As I was reading the section from Phil. 1:12-18, several ideas occurred to me related to God’s providence and the spread of the gospel, so I want to take a few minutes to consider these thoughts.

UNFAVORABLE CIRCUMSTANCES

Phil. 1:12. This verse begins the body of the letter. Paul announces that, in this one instance, his “circumstances have turned out for the greater progress of the gospel.” This by itself is fairly remarkable when we consider his circumstances. Paul has been taken out of his role of proclaiming the gospel “from Jerusalem and round about as far as Illyricum” (Romans 15:19-20) and has been imprisoned with the praetorian guard, who would seem to be pretty “hard ground” for the gospel. Also, now that he is out of the spotlight as proclaimer of the gospel, lesser preachers have taken his place, and some of them are selfishly ambitious. So, these circumstances seem anything but favorable for the gospel.

NOT DEPENDENT ON PAUL

But we need to remember is that the progress of the gospel is not dependent on the apostle Paul. Yes, Paul is a chosen instrument of the Lord Jesus Himself (Acts 9:15) and he is a man who is fully committed to the service of Christ (consider Phil. 1:21), but the greater progress of the gospel is guaranteed by God and so cannot be prevented by the adverse circumstances of anyone. The progress of the gospel is guaranteed by Jesus Himself (see Matthew 16:18 – “I will build My church”). Not only that, but the gospel is the power of God for salvation (Romans 1:16), so the gospel’s greater progress does not depend on the gifts of the proclaimer. The power is in the message proclaimed, not in the one who proclaims. So, the progress of the gospel is not dependent on any human instrument, but is irresistible because God has determined that the gospel will progress until all the elect have been gathered in.

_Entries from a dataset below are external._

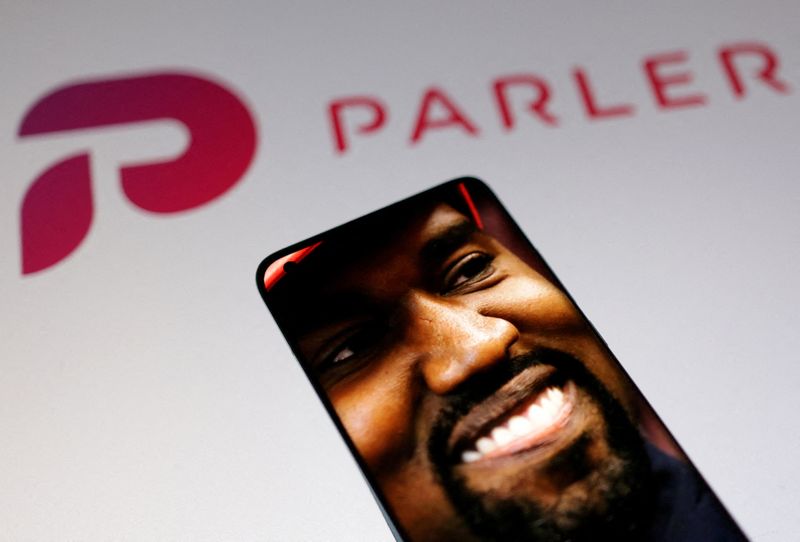 &copy; Reuters. FILE PHOTO: American rapper Kanye West's picture is seen on a smartphone in front of the logo of social media app Parler in this Illustration taken, October 17, 2022. REUTERS/Dado Ruvic/Illustration/File Photo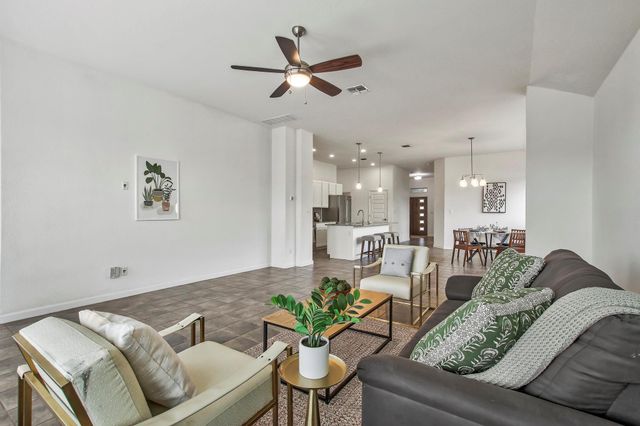 133 James Rose LN, Bastrop, TX 78602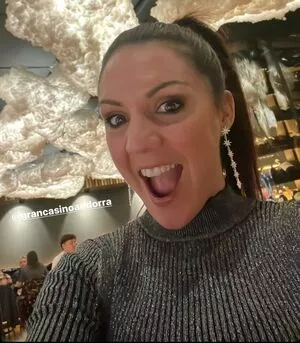 Laura Tobin #D4WiOyFvPR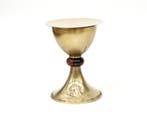 Verguld zilver miskelk en plateen in kist, Sittard 1937-1940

THIS ONE INSTANCE IMPLIES ALL

There is, however, another point to notice here. Paul announces that, in this one instance, his “circumstances have turned out for the greater progress of the gospel.” Next Paul describes to the Philippians how, in this one instance, God’s providence has brought about the spread of the gospel despite Paul’s “bad” circumstances. But from this one instance with Paul we can confidently extrapolate to all instances and all circumstances. That is, we can confidently assert that God, through His providence, is always causing the greater progress of the gospel. In our “good” circumstances and “bad,” when we can see His hand at work and when we cannot, God sovereignly causes all things to turn out for the greater progress of the gospel so that Christ will be glorified.

As we go into the rest of the passage, we see the details of how God used circumstances for the greater progress of the gospel.

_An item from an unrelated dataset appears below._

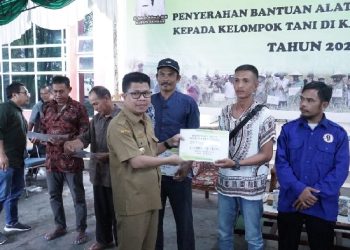Dukung Kemajuan Sektor Pertanian, Bupati Satono Serahkan Bantuan 317 Unit Alsintan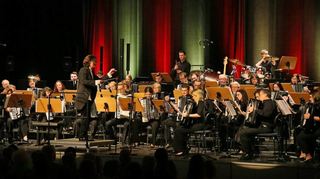 Das Reilinger Hohner-Akkordeon-Orchester sorgt beim Konzert mit Rheingold Mannheim in der Stadthalle für ein atemberaubendes Klangerlebnis.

Phil. 1:13. Because of his imprisonment, Paul has been taken out of the spotlight of boldly proclaiming the gospel to crowds and he no longer is “reasoning in the market place every day with those who happened to be there” (Acts 17:17). Now he does not get to choose those to whom he will proclaim Christ, but he is limited to those to whom he is (probably) chained. Now Paul can only witness to the praetorian guard (1:13).

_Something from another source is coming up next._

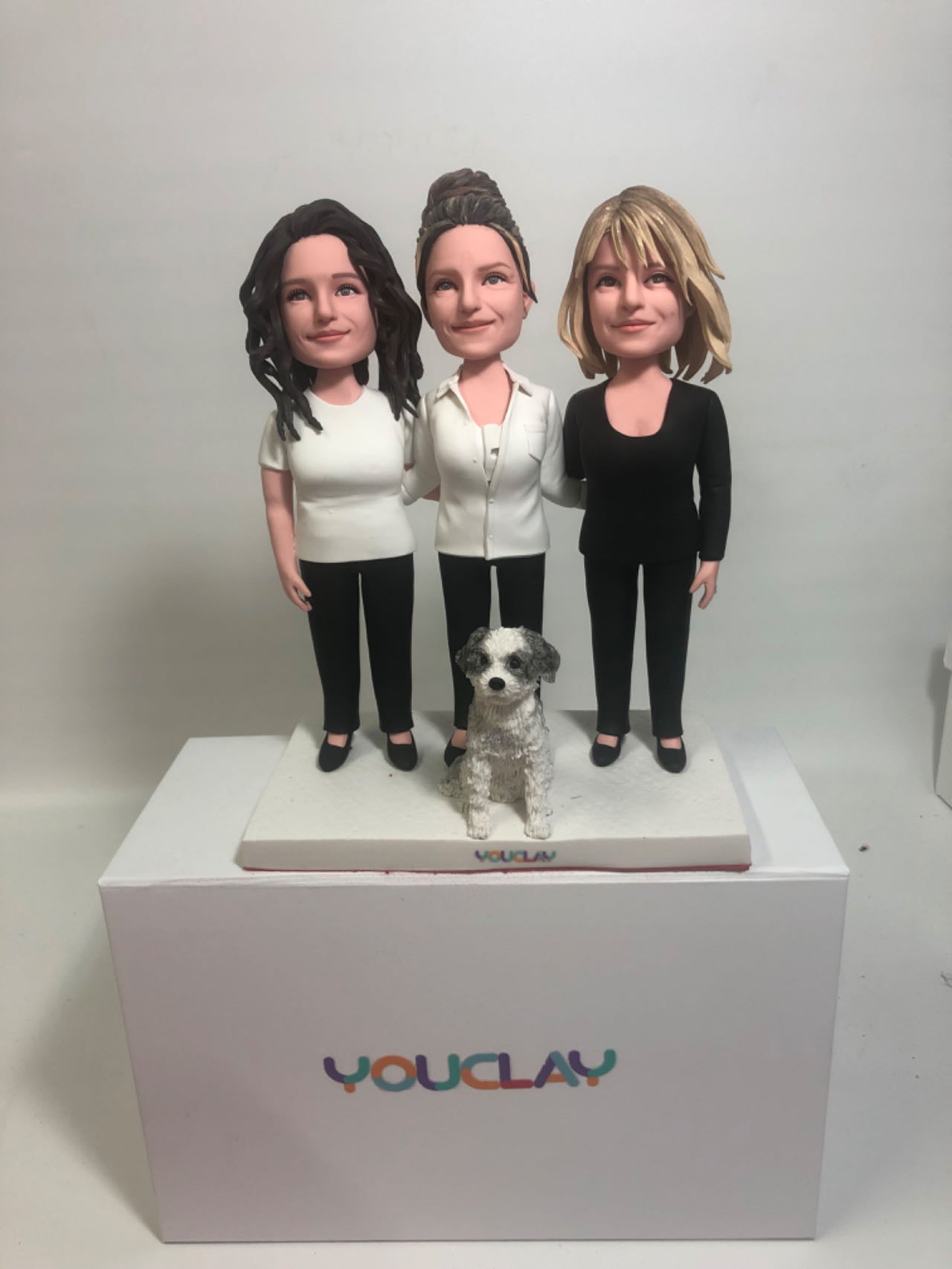 Quatre figurines à tête branlante entièrement personnalisables (personne ou animal de compagnie)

But let’s consider this for a moment. These men, who otherwise would never have known anything about Christ or the gospel, are now assigned to watch their prisoner, the chosen instrument of Jesus Christ, the apostle Paul. And so these men, who would otherwise have perished, now hear an apostle of the Lord Jesus Christ proclaim the gospel all day long. This is God’s providence as He arranges circumstances for the greater progress of the gospel.

Consider also that Paul needed to be faithful in this assignment. Paul was a bondservant of Christ and, as such, he did not get to choose his duties, but was required to do what the Master commanded. God’s providence had placed Paul in this prison at this time with these men and therefore Paul was to discharge his duties as an evangelist. Paul was faithful in this humble assignment because it was his Master’s assignment. The slave does the Master’s bidding without grumbling or complaining. APPLICATION: The believer is to be faithful to the Master whether He entrusts the believer with little or much.

Even though there is nothing in the text about this, it is interesting to speculate about the strategic significance of Paul’s evangelism among the praetorian guard. To me, it is not clear from this epistle where Paul is imprisoned. Most commentators opt for Rome, but I tend to think it was somewhere else, maybe in the governor’s palace in Caesarea. This could be supported by Acts 23-26 (see 23:35). Regardless of where Paul was imprisoned, he was closely acquainted with the elite soldiers of the praetorian guard and thus may have had access to officials. Could this have even allowed him to testify before kings or even before the emperor himself? If so, this would have been another instance of God’s providence.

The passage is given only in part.